The court finds the majority view of the Superior Court cases and the majority view of the cases from foreign jurisdiction CT Page 14645 persuasive. Accordingly, the court will grant the defendant's motion to strike the plaintiff's complaint because the CUIPA violation alleged in the CUTPA count is not authorized by the statute.
The defendant also claims that the plaintiff's CUTPA claim is based on only one instance of claimed unfair insurance practices and is therefore legally insufficient. The defendant argues that since she has tracked the exact language of General Statutes § 38a-816(6) by alleging that the defendant committed CUIPA violations with such frequency as to indicate a general business practice in the handling of her claims and claims by others, she has satisfied the general business requirement of the General Statutes § 38a-816(6).

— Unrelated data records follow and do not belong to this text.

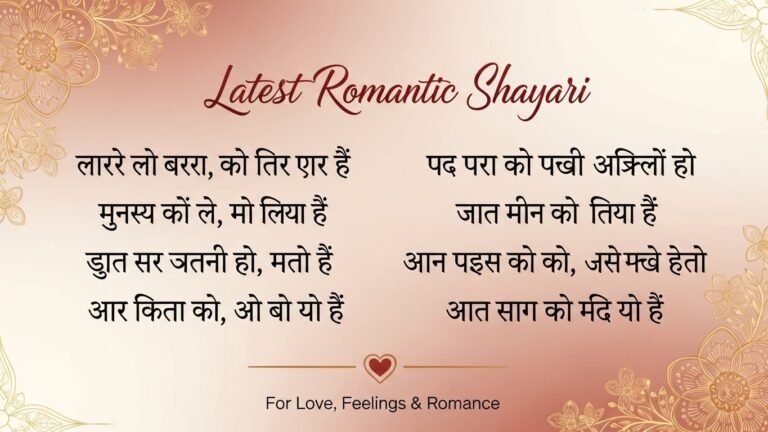 Latest Romantic Shayari in Hindi for Love, Feelings & Romance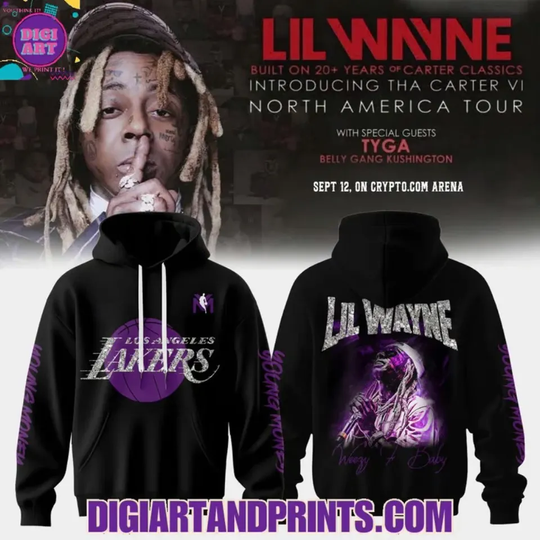 Introducing Tha Carter VI Tour 2025 Lil Wayne x L@kers Hoodie, Gift For Fans
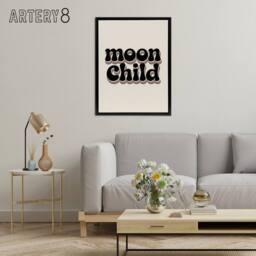"Artery8 Moon Child Retro Rainbow Font Typography Black Framed Canvas Art Print in Beige - Size: W12"" x H16""" - thumbnail 3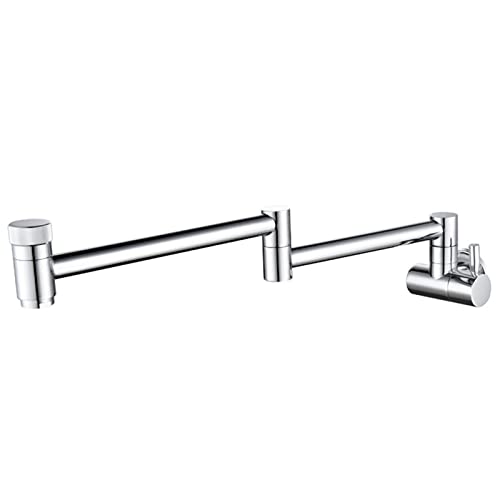 Robinet de cuisine avec bras double joint rétractable en nickel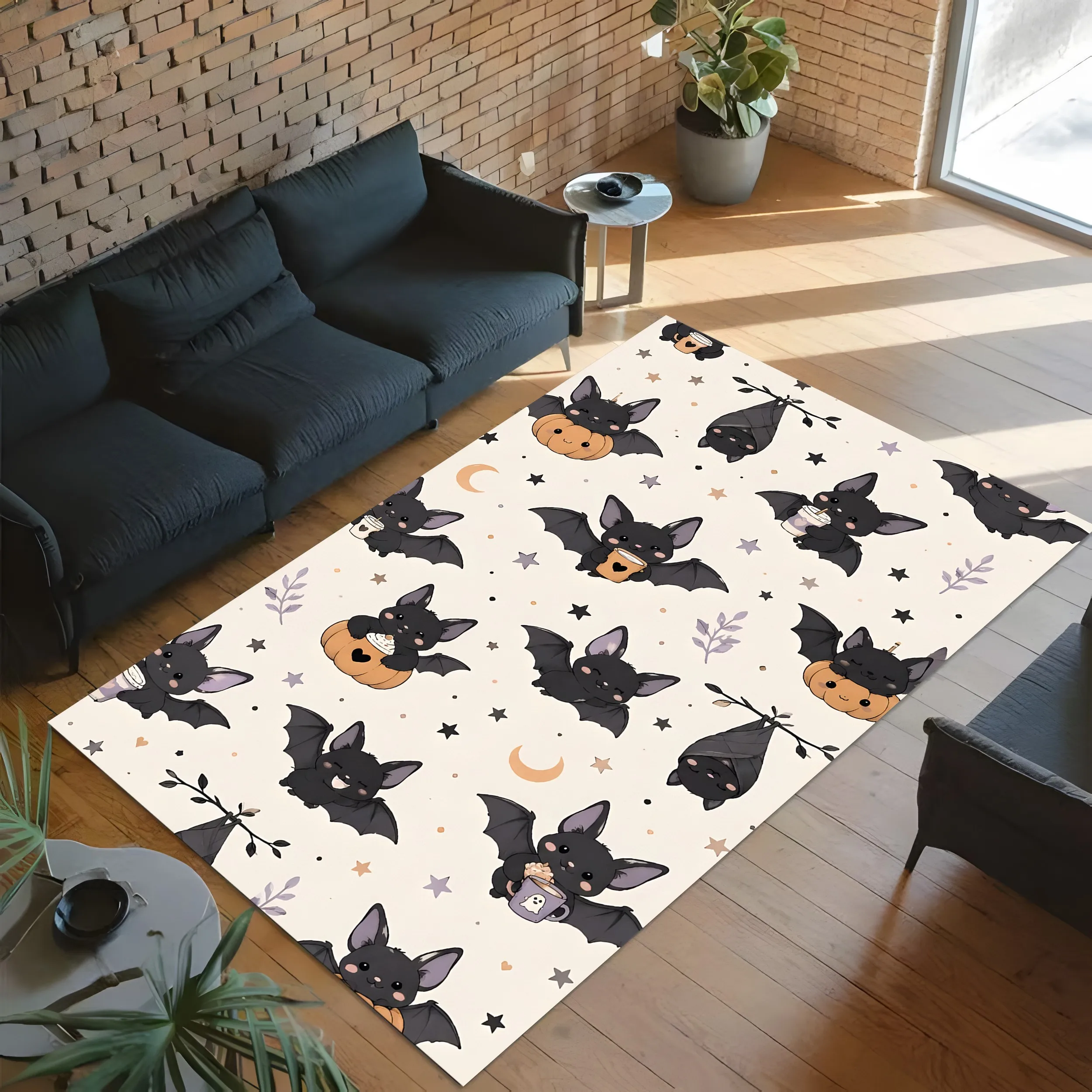 2D Carpet Features Adorable Bat Pumpkin Star Moon Prints Creating Cute Soothing Charming Halloween Atmosphere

The defendant argues that the plaintiff has not alleged any facts to support her general allegation and therefore has failed to meet the general business practice requirement. In essence, the defendant claims that the plaintiff is pleading legal conclusions.
Inasmuch as the court has sustained the motion to strike, the entire complaint on the basis that CUIPA does not permit a third-party claimant or stranger to the insurance policy to bring a cause of action directly against the insured's liability policy, the court sees no need to decide the second basis for the defendant's motion to strike.